Follow-Up From the “Day of Action”
We intend to use this space to share notes from the workshops/discussions that took place during the Martin Luther King, Jr. Day of Action. Since time limited the number of sessions that everyone was able to attend, the hope is that this will provide insight into all of the activities that took place, while leading to thoughts and ideas about how to move forward. It was not just one day.
*This post will be updated as more information comes in from organizers and attendees of the events. Look for more notes and updates to come.
Working Group: “What’s Next?”
ORIGINAL DESCRIPTION: This collaborative and interactive workshop will further flesh out the ASDG What’s Next? document. A very brief summary of progress to date will kick off the workshop. Then, working in small groups, participants will (a) strategize and develop specific action steps, (b) identify a desired timeline, and (c) identify those responsible for following up. Student participation in this workshop is key to ensure the vision of What’s Next? is upheld.
FOLLOW-UP: The organizers behind this group continued to meet, using information captured on the Day of Action, to map the next steps. The link contains notes take during the session.
Diversity and Inclusion in the Honors Program: Recommendations Moving Forward
ORIGINAL DESCRIPTION: Engage in circle work with honors students and others to propose actions for being an anti-racist program. Evaluate the “Give to the Max Day” initiative for diversifying the honors program. Rewrite the mission statement of the honors program. TOPICS: Diversifying the honors program, coursework in the program, inclusion, racial slurs.
Deliberative Dialogue: The Use of Racial Slurs in the Classroom
ORIGINAL DESCRIPTION: In this session participants (ideally a mixed group of faculty, staff, and students) will identify the advantages, disadvantages, and considerations for implementation of four potential policies on the use of racial slurs in a college classroom setting. Participants will leave with a deeper understanding of the issues surrounding the use of racial slurs in an academic environment and the varied perspectives on it.
FOLLOW-UP: This session will be repeated on Monday, April 8th from 1:15 pm – 2:30 pm in OGC 100.
Recognizing and Resisting White Supremacy in the Classroom
ORIGINAL DESCRIPTION: Participants will explore how white supremacy and racism manifest themselves within classroom and co-curricular spaces, including but not limited to the ways we process knowledge, engage with conflict, think about power dynamics, deliver content, and design assignments. Attendees will discuss ways of creating classes, programs, and events that resist white supremacy and embrace other forms of cultural knowledge and understandings.

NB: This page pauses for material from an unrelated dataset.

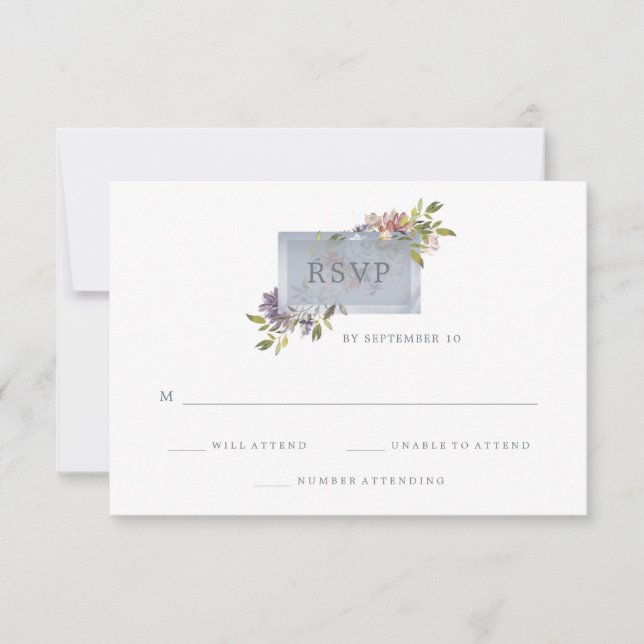 Luxe Floral | Moss Green Watercolor Wedding RSVP (Vorderseite)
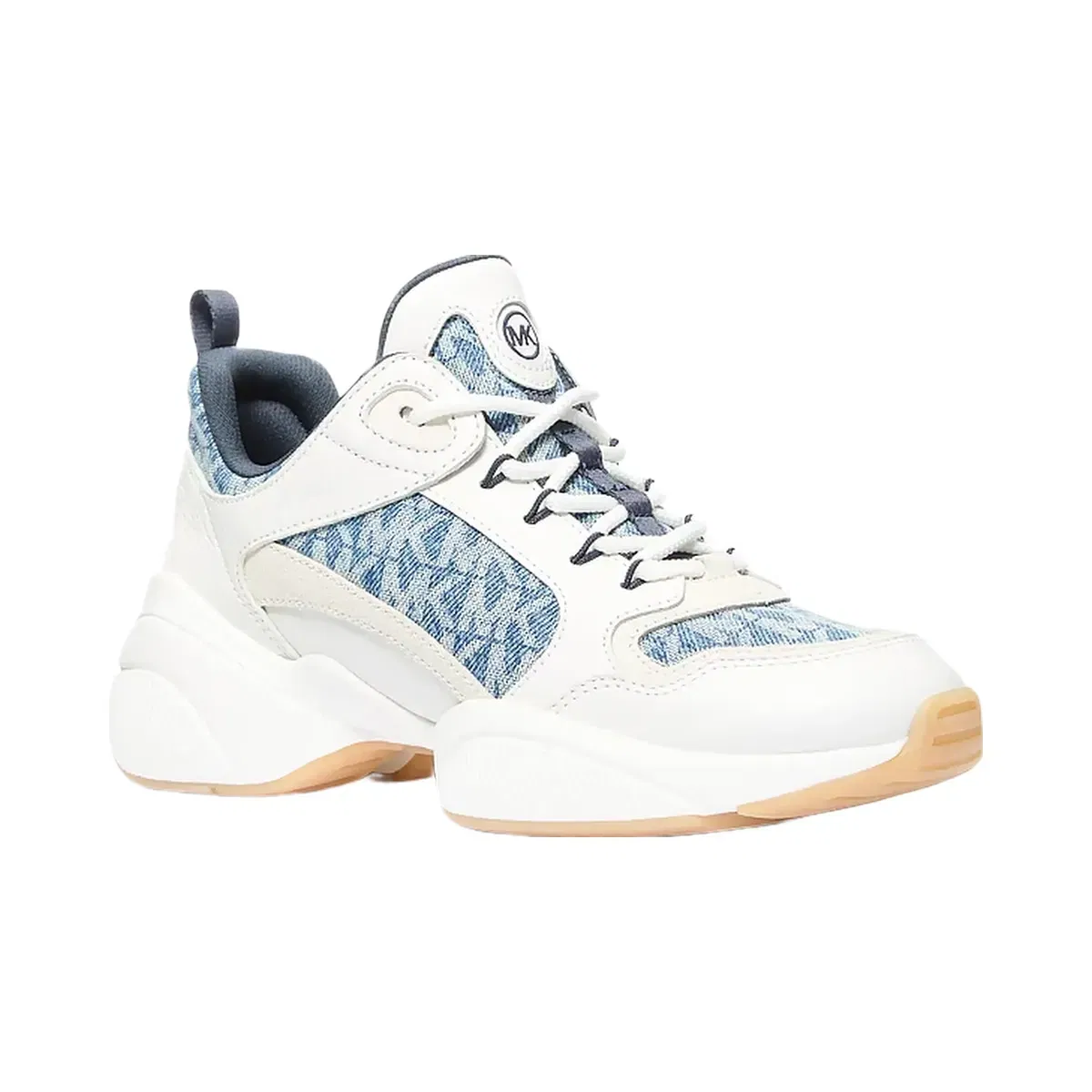 Michael Kors Bowie Signature Logo Print Denim Trainer New Hrzn Wsh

FOLLOW-UP: This session was repeated on Wednesday, March 27th from 3:00 pm-4:30 pm in the Marshall Room.
Faculty Accountability: Faculty Handbook Language, Staff Handbook Language, and Tenure and Review Policies
ORIGINAL DESCRIPTION: This workshop and dialogue will explore how best to ingrain anti-racist policies and practices into the institutional fabric at Augsburg, including the Faculty Handbook, Staff Handbook, and tenure and review procedures.
Building Classroom Community Using Circles
ORIGINAL DESCRIPTION: In this session, participants will engage in Circle Work to experience circle as a means to discuss and engage students in the classroom, to develop relationships, and to discuss tense moments in the classroom. This session will include a brief discussion of the history of the circles and the circle process, and will lead into a circle discussion and processing. This session is largely focused on faculty and staff learning the Circle Process as a method for discussing and relationship building in the classroom.
Culturally Relevant Pedagogy: Theory and Practice
ORIGINAL DESCRIPTION: Dr. Ladson-Billings researched successful teachers of students of color. This session will historicize and describe Dr. Ladson-Billing’s work on culturally relevant teachers and her ideas about student learning, cultural competency, and sociopolitical consciousness. How might we think differently about freedom and safety on campus and in the classroom? How do we create certain kinds of communities of learners? What does it mean to teach and to learn at Augsburg University in 2019?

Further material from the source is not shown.